Sehr geehrter Herr Ostner.

Die chinesische Volkszeitung lese ich nicht. Trotzdem weiß ich, daß für Amerika die wirtschaftlichen Beziehungen zu China immer wichtiger geworden sind und in der Gesamtbedeutung denen zu den europäischen Staaten mindestens gleich stehen. Das gilt für Länder in Südamerika, aber auch für die USA. Derzeit scheinen diese Beziehungen der USA mit China eher konfrontativ als kooperaiv ausgerichtet. Ob die riesigen wirtschaftlichen und finanziellen Probleme, die beide Länder miteinander haben, durch gemeinsame sinoamerikanische global ventures gelöst werden könnten, kann ich nicht beurteilen. Ich gehe aber davon aus, daß zu einer so engen Kooperation und gar noch zu einem Militärbündnis, die ja auch zu noch mehr gegenseitiger Abhängigkeit führen würden, auf beiden Seiten keine Bereitschaft besteht.
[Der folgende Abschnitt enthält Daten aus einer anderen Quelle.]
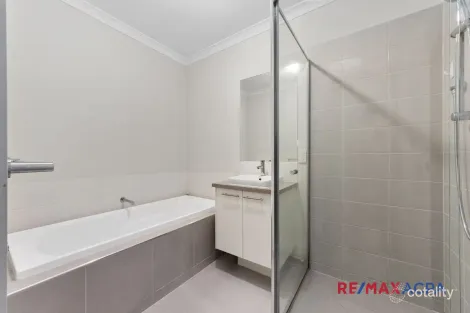 Property photo of 9 Chessington Drive Williams Landing VIC 3027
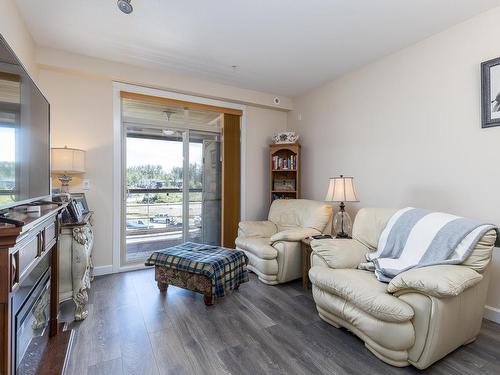 A307 20716 Willoughby Town Centre Drive, Langley, BC 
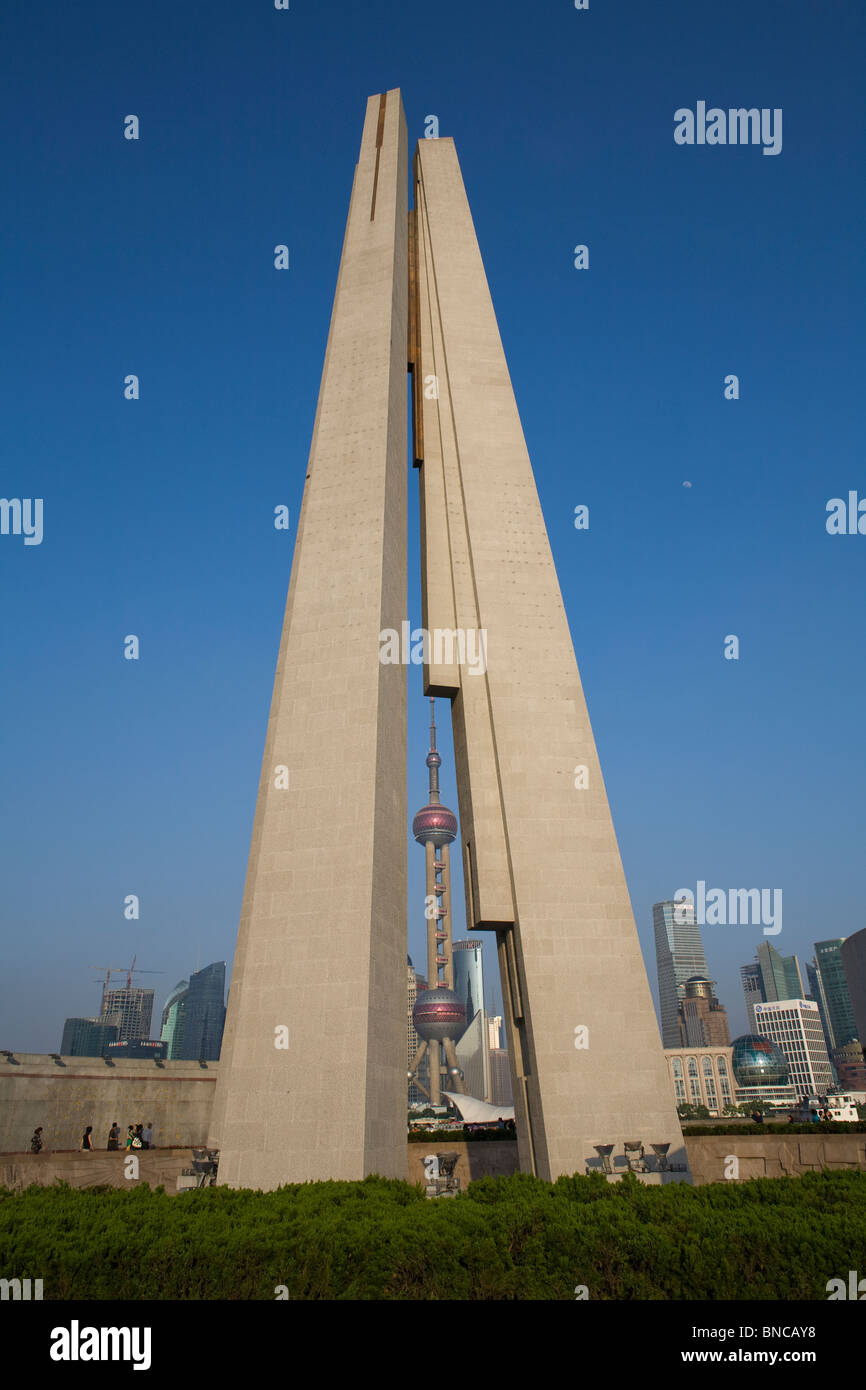 Punta norte del Bund en Shanghai, Monumento a los héroes del pueblo y Pearl Tower Pudong Foto de stock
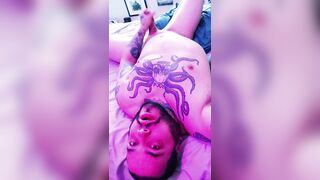 Tattooed Chap Masturbating in Couch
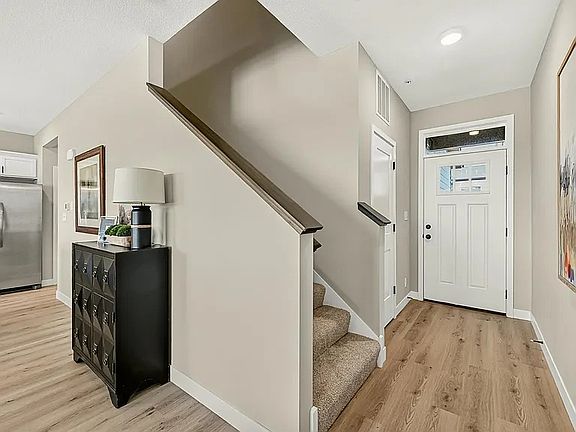 Welcoming entryway and staircase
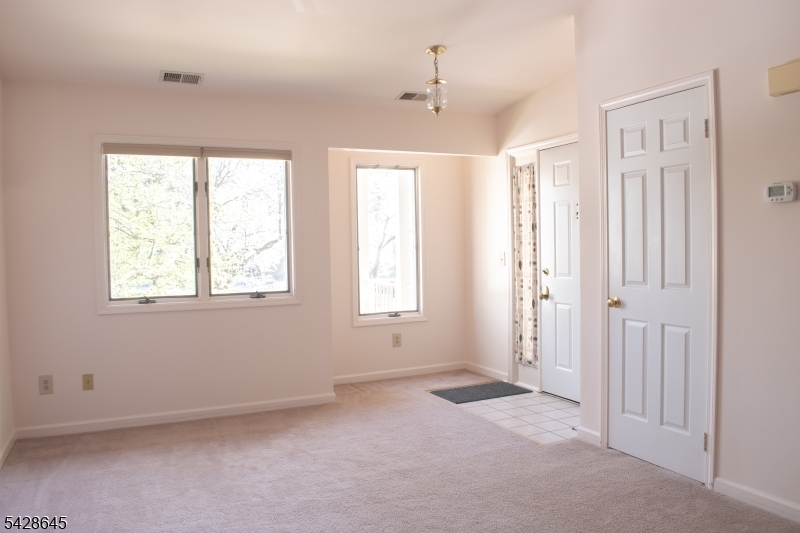 Condo/Coop/Townhouse - Residential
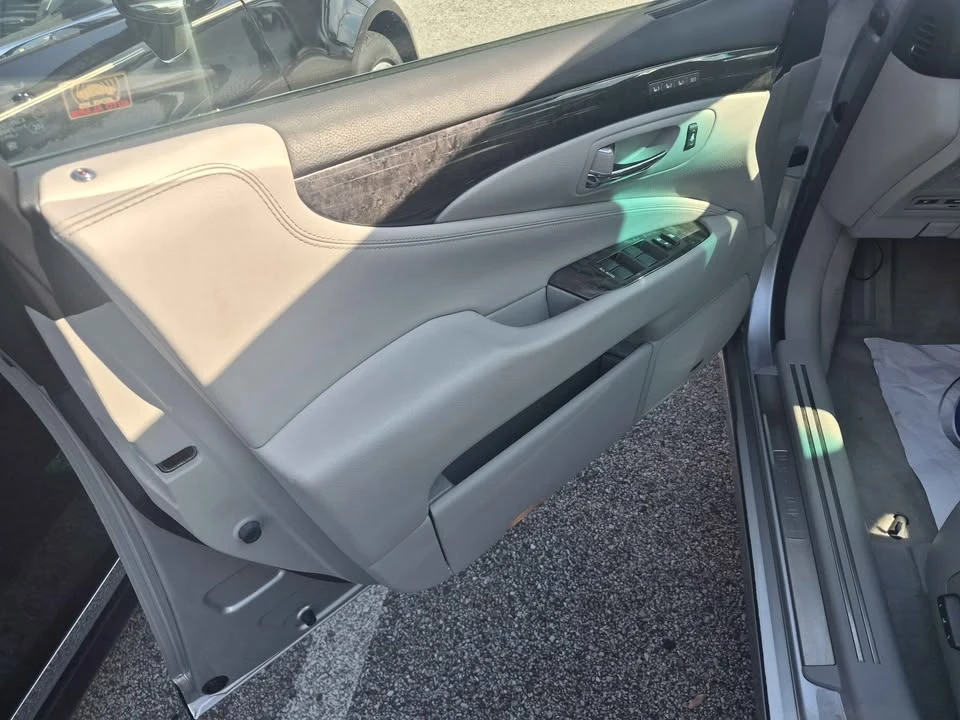 2010 Lexus LS 4th Gen - Image 4 of 10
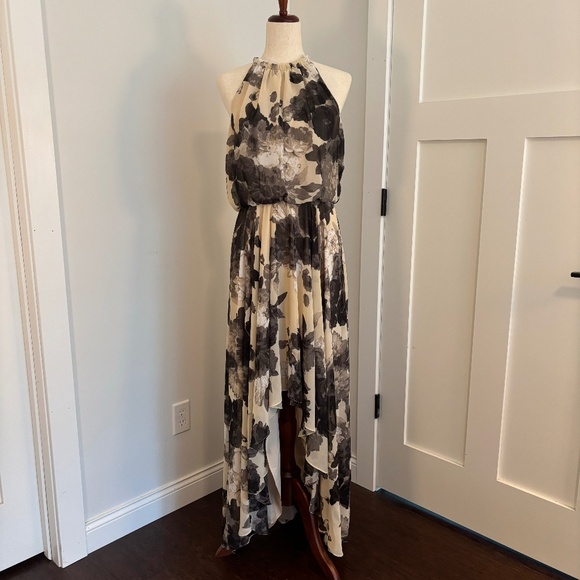 Eliza J Dresses & Skirts - Eliza J Floral Print Halter Neck Dress with Metal Detail at Neck
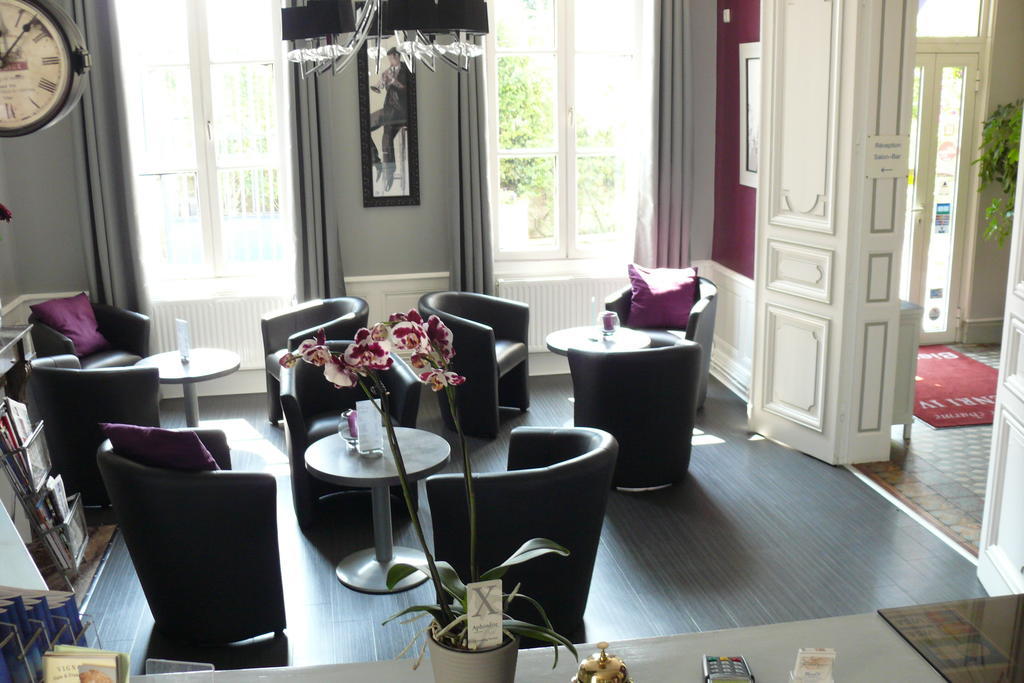 Hotel Henri IV Coutras Exterior photo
Ähnlich wenig realistisch sehe ich solche Überlegungen für Europa, zumal Europa weit entfernt von einer einheitlichen Außen- und Außenwirtschaftspolitik ist und die europäischen Staaten in dieser Frage kaum zu einer einheitlich Meinung zu bringen sein werden.
Vereinbarungen und gemeinsames Vorgehen von China und den USA berücksichtigen schon heute europäische Interessen oder solche der restlichen Welt wenig oder gar nicht. Die Gefahr eines gemeinsamen Vorgehens der beiden Staaten sehe ich darüber hinaus derzeit nicht sondern eher Gefahren für die restliche Welt aus stärker werdenden Koonfrontation.

Daß die Türkei sich in den letzten Jahren immer mehr politisch und ökonomisch auch Richtung Iran, China und Rußland orientiert ist unübersehbar. Schuld daran ist die deutsche und europäische Politik der Konservativen, die der Türkei den Weg in die EU entgegen allen früheren Versprechungen und Vereinbarungen versperren will. Für China bietet sich damit die willkommene Gelegenheit, seinen wirtschaftlichen und politischen Einfluß, der in Ländern Afrikas zuweilen schon den Europas in den Schatten stellt, auf die Türkei und über die Türkei auf die Länder rund um das Mittelmeeer auszudehnen. Die Chance wird vertan, die Türkei in der EU fest politisch und wirtschaftlich einzubinden. Auch deshalb ist die Ablehnung des Beitritts der Türkei in die EU und der Beitrittsperspektive durch die CDU politisch falsch und verhängnisvoll.